WORK INSTRUCTIONS: Copy nothing but the lines from the opening of the entries through the line that contains "Schaub lorenz radiowecker", exactly as written. Drop the pictures.

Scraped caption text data
--- START ---

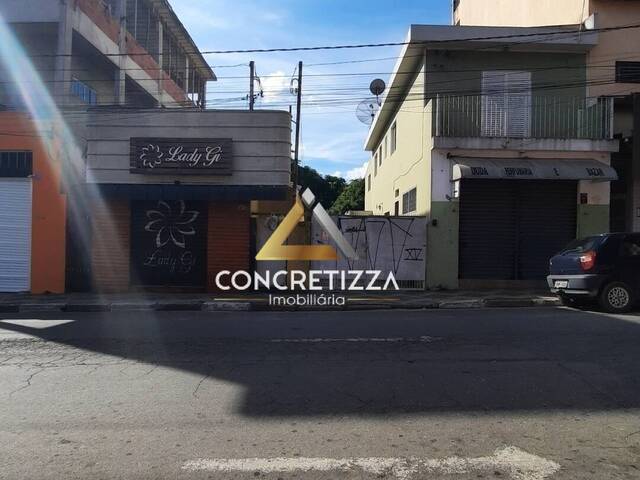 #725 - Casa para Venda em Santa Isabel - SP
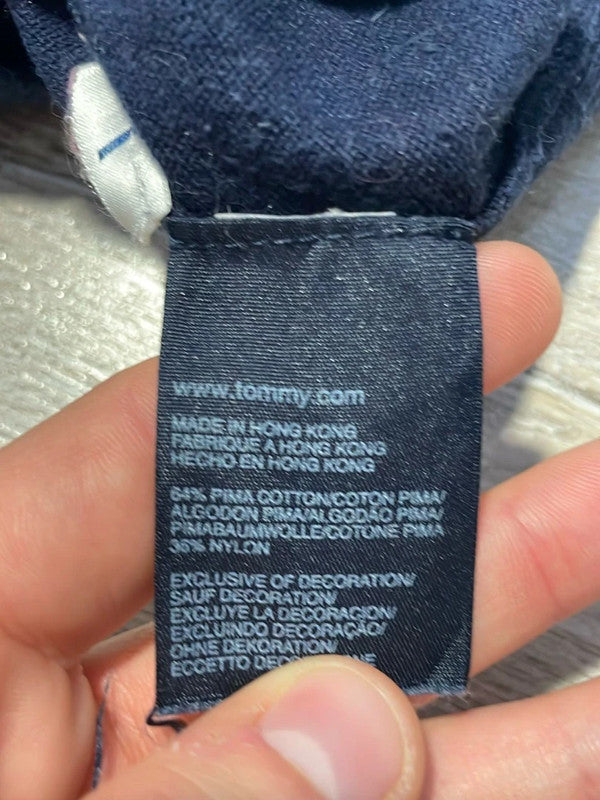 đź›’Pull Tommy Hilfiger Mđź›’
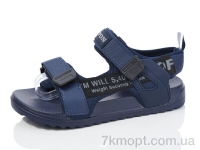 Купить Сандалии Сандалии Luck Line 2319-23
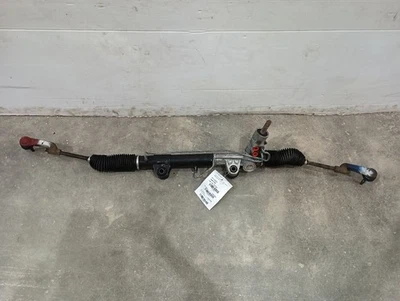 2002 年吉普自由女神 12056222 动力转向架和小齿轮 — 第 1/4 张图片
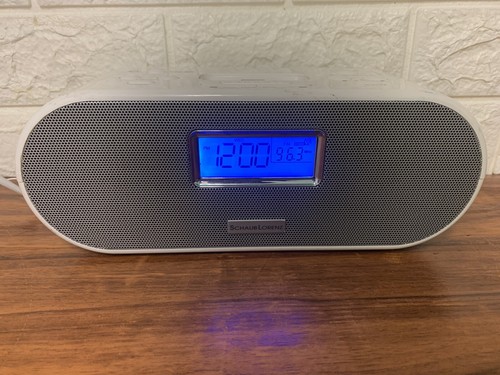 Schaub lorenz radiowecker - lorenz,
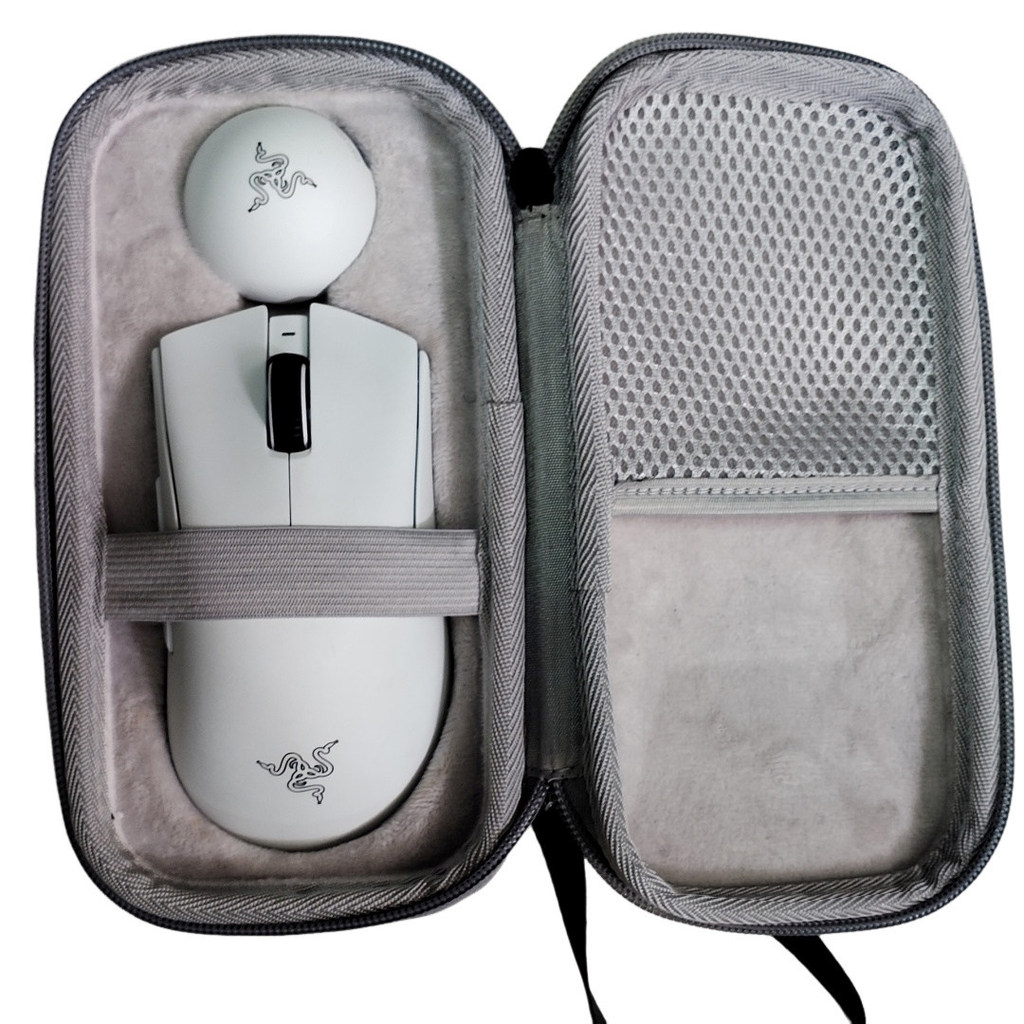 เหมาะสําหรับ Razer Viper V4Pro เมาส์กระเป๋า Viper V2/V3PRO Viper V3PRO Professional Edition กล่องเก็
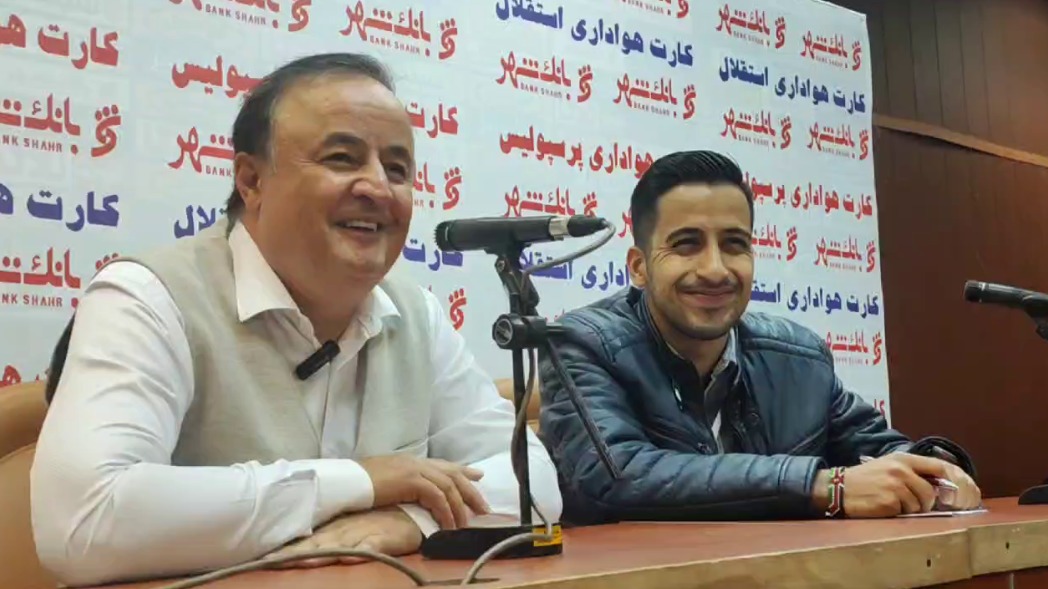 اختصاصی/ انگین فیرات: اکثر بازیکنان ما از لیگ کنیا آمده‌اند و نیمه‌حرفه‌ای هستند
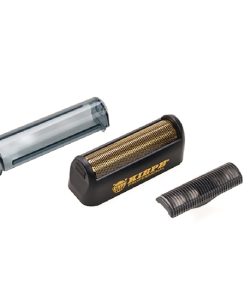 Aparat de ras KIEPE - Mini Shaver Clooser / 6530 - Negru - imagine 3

--- END ---

EXERCISE RESULT:
 #725 - Casa para Venda em Santa Isabel - SP
 đź›’Pull Tommy Hilfiger Mđź›’
 Купить Сандалии Сандалии Luck Line 2319-23
 2002 年吉普自由女神 12056222 动力转向架和小齿轮 — 第 1/4 张图片
 Schaub lorenz radiowecker - lorenz,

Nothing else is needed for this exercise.